"The people did not know what to do. They prayed secretly where they could. The Priests of the Rain went on with their preparations, and the soldiers of Father Letrado--for he had a small detachment with him--broke up the dance and profaned the sacred places. Those were hard days for Ho-tai the Two-Hearted. The gods of the strangers were strong gods, he said, let the people wait and see what they could do. The white men had strong Medicine in their guns and their iron shirts and their long-tailed, smoke-breathing beasts. They did not work as other gods. Even if there was no rain, the white gods might have another way to save the people.
"These were the things Father Letrado taught him to say, and the daughter of the Chief Priest of the Bow feared that his heart would be quite pulled away from the people of Zuñi. Then she went to her father the Chief Priest, who was also the keeper of the secret of the Holy Places of the Sun, and neared the dividing of the ways of life.
"'Let Ho-tai be chosen Keeper in your place,' she said, 'so all shall be bound together, the Medicine of the white man and the brown.'
"'Be it well,' said the Priest of the Bow, for he was old, and had respect for his daughter's wisdom. Feeling his feet go from him toward the Spirit Road, he called together the Priests of the Bow, and announced to them that Ho-tai would be Keeper in his stead.

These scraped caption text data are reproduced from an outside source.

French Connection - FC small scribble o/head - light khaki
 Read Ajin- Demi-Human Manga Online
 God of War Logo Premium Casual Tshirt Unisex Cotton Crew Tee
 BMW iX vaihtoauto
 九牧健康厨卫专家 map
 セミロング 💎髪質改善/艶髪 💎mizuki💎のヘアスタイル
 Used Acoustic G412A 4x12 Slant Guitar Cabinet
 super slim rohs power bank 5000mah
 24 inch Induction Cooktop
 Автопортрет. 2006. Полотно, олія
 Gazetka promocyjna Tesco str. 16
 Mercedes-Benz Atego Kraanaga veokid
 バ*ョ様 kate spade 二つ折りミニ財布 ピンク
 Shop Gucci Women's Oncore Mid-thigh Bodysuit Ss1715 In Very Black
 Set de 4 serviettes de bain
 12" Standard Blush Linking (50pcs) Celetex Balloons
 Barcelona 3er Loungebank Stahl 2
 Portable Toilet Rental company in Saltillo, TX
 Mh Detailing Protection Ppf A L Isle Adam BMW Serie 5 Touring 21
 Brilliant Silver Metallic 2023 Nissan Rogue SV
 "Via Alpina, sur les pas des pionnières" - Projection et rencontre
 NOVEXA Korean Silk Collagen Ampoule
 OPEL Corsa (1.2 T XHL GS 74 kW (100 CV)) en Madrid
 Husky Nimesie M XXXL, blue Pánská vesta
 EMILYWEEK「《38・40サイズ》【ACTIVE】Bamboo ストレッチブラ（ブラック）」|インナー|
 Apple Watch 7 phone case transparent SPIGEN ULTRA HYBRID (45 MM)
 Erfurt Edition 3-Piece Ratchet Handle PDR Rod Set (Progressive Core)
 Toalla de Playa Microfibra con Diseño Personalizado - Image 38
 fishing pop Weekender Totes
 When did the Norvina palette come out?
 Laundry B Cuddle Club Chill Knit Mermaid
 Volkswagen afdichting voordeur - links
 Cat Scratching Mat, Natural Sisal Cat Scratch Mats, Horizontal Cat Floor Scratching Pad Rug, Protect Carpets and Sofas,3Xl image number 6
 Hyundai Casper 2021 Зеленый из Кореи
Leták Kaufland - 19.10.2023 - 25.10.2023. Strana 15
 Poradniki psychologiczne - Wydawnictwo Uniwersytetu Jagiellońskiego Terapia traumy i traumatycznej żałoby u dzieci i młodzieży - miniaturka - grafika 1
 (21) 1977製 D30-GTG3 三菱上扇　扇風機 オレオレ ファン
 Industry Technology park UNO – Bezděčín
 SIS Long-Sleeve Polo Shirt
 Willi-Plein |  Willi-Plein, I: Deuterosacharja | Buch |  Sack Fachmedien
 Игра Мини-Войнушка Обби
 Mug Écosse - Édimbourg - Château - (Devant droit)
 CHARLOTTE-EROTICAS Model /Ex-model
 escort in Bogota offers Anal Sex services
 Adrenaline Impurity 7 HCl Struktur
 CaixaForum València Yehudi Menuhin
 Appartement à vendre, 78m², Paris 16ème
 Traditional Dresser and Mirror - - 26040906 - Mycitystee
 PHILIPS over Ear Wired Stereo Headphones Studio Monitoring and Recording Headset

"Though Two-Hearted was young for the honor, they did not question it, for, like his wife, they were jealous of the part of him that was white--which, for her, there was no becoming--and they thought of this as a binding together. They were not altogether sure yet that the Spaniards were not gods, or at the least Surpassing Beings.
"But as the rain did not come and the winter set in cold with a shortage of corn, more and more they neglected the bowings and the reverences and the service of the mass. Nights Father Letrado would hear the muffled beat of the drums in the kivas where the old religion was being observed, and because it was the only heart open to him, he twisted the heart of Ho-tai to see if there was not some secret evil, some seed of witchcraft at the bottom of it which he could pluck out."
"That was great foolishness," said the Road-Runner; "no white man yet ever got to the bottom of the heart of an Indian."
"True," said the Condor, "but Ho-tai was half white, and the white part of him answered to the Padre's hand. He was very miserable, and in fact, nobody was very happy in those days in Hawikuh. Father Martin who passed there in the moon of the Sun Returning, on his way to establish a mission among the People of the Coarse Hanging Hair, reported to his superior that Father Letrado was ripe for martyrdom.
"It came the following Sunday, when only Ho-tai and a few old women came to mass. Sick at the sound of his own voice echoing in the empty chapel, the Padre went out to the plaza of the town to scold the people into services. He was met by the Priests of the Rain with their bows. Being neither a coward nor a fool, he saw what was before him. Kneeling, he clasped his arms, still holding the crucifix across his bosom, and they transfixed him with their arrows.
"They went into the church after that and broke up the altar, and burned the chapel. A party of bowmen followed the trail of Father Martin, coming up with him after five days. That night with the help of some of his own converts, they fell upon and killed him. There was a half-breed among them, both whose hearts were black. He cut off the good Padre's hand and scalped him."